А я знаю, что когда хвалы принимаюсь
Писать, когда, музо, твой нрав сломить стараюсь,
Сколько ногти ни грызу и тру лоб вспотелый,
С трудом стишка два сплету, да и те неспелы [14. С. 112].
 
   А сатирические стихи рождаются, словно сами собой.
   Такое односторонне сатирическое направление – не случайность, а сознательная творческая позиция. Она требовала определённой осторожности, ибо сатиры навлекают на автора гнев: “сатира, что чистосердечно писана, колет глаза многим”, и “ворчит уж не один, что где нет мне дела, там мешаюсь и кажу себя чересчур смела” [14. С. 109].
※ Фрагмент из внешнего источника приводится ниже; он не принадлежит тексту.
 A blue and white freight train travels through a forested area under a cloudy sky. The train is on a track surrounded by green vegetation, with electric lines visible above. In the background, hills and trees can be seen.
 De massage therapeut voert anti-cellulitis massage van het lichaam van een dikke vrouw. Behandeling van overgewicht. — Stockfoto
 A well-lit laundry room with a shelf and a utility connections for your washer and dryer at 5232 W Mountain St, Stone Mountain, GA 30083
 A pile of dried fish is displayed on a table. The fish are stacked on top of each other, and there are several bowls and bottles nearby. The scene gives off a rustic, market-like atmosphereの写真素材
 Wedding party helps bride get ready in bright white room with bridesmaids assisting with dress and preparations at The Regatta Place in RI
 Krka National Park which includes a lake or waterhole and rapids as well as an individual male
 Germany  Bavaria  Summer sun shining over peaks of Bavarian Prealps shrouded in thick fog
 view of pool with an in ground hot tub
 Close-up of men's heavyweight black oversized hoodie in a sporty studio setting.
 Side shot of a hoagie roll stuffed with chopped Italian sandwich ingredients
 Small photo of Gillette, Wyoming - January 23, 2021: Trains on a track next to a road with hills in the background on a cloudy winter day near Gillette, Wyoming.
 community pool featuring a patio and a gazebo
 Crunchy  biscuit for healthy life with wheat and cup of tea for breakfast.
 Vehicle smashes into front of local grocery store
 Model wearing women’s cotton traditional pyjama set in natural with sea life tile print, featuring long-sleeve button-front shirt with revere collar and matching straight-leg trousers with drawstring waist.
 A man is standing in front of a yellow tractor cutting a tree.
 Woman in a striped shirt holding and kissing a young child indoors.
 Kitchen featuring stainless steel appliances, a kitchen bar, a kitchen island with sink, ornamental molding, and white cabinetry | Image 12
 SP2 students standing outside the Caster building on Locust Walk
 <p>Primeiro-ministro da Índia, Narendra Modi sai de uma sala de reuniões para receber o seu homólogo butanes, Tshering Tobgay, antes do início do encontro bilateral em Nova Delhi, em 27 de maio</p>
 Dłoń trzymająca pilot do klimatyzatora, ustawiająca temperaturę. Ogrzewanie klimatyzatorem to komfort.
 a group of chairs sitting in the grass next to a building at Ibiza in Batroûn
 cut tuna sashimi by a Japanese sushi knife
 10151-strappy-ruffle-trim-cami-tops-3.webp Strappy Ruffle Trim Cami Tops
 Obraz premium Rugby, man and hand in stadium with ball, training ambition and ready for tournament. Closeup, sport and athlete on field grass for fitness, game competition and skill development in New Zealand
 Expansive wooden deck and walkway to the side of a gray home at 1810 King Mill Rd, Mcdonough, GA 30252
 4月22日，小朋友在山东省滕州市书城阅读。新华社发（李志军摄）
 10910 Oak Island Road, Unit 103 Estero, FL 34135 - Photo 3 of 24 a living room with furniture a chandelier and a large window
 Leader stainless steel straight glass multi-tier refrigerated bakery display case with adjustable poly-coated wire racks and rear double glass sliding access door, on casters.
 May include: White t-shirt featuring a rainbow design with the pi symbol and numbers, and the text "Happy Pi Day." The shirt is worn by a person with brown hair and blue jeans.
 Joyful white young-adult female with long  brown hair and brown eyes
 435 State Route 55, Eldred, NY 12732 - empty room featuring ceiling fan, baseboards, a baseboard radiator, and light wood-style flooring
   Воинствующий сатирический пафос, присущий творчеству молодого сатирика, мог при дворе Анны Иоанновны вызвать одно только раздражение. Поэтому сатирик старается внушить читателю мысль о добродетельном и патриотическом значении сатирического творчества. В предисловии к сатирам он заявляет: “Пишу по должности гражданина”.
   Он стремится заручиться поддержкой императрицы. Её одобрение сделало бы сатиры неприкосновенными для недоброжелателей, обеспечило бы им авторитетность. Но ни в 1740, ни в 1743 (новая попытка обратиться уже к Елизавете Петровне) разрешение на печатание сатир получено не было (хотя они расходились по России тысячами рукописных списков). Только в 1762 году они были опубликованы на русском языке, (до тех пор издавались за границей на французском и немецком языках). Первого печатного издания сатир Кантемира в России добился М. В. Ломоносов.
   В 1732 году Кантемир покидает Россию. Ему уже не суждено было вернуться на Родину.
   Смелым и талантливым дипломатом он показал себя на посту русского посланника в Лондоне (1732–1738) и Париже (с 1738 до конца жизни). Дружба Кантемира с деятелями европейской культуры, в частности с Монтескье, “неопровержимо свидетельствует, как рано устанавливались крепкие связи между передовыми представителями французской и русской культур” [76. С. 146].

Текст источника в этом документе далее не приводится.